■ PROBLEM STATEMENT ■
In the records below, the lines from the one containing "Pleated Green Dockers" through the last are to be reproduced exactly and alone.

■ INFORMATION SUPPLIED ■

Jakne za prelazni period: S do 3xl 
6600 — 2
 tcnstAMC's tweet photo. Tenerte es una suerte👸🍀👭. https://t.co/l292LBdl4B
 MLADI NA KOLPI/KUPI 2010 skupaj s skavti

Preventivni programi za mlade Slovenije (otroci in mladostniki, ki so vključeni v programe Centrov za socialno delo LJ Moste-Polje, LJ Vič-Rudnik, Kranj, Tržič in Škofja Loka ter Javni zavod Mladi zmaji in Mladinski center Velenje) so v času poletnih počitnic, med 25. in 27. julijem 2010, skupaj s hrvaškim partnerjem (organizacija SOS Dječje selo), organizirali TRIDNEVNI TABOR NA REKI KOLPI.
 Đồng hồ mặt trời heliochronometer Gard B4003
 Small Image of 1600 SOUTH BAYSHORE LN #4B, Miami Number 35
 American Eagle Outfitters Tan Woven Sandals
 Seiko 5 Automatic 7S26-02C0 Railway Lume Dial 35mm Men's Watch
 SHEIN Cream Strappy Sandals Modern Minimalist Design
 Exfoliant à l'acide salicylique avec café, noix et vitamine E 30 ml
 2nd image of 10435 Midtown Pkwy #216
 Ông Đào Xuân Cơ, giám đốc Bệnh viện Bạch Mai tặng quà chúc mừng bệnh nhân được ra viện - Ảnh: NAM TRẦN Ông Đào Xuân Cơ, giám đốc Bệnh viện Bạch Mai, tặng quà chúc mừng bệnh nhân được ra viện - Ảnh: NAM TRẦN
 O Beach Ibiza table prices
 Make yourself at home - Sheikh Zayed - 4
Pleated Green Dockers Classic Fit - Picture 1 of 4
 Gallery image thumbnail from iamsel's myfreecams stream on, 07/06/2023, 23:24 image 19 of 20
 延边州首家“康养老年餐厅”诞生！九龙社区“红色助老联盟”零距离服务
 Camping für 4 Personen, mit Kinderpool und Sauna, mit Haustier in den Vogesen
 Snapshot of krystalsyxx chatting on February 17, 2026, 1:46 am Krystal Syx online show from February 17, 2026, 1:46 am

■ RESPONSE TO THIS EXERCISE ■
Pleated Green Dockers Classic Fit - Picture 1 of 4
 Gallery image thumbnail from iamsel's myfreecams stream on, 07/06/2023, 23:24 image 19 of 20
 延边州首家“康养老年餐厅”诞生！九龙社区“红色助老联盟”零距离服务
 Camping für 4 Personen, mit Kinderpool und Sauna, mit Haustier in den Vogesen
 Snapshot of krystalsyxx chatting on February 17, 2026, 1:46 am Krystal Syx online show from February 17, 2026, 1:46 am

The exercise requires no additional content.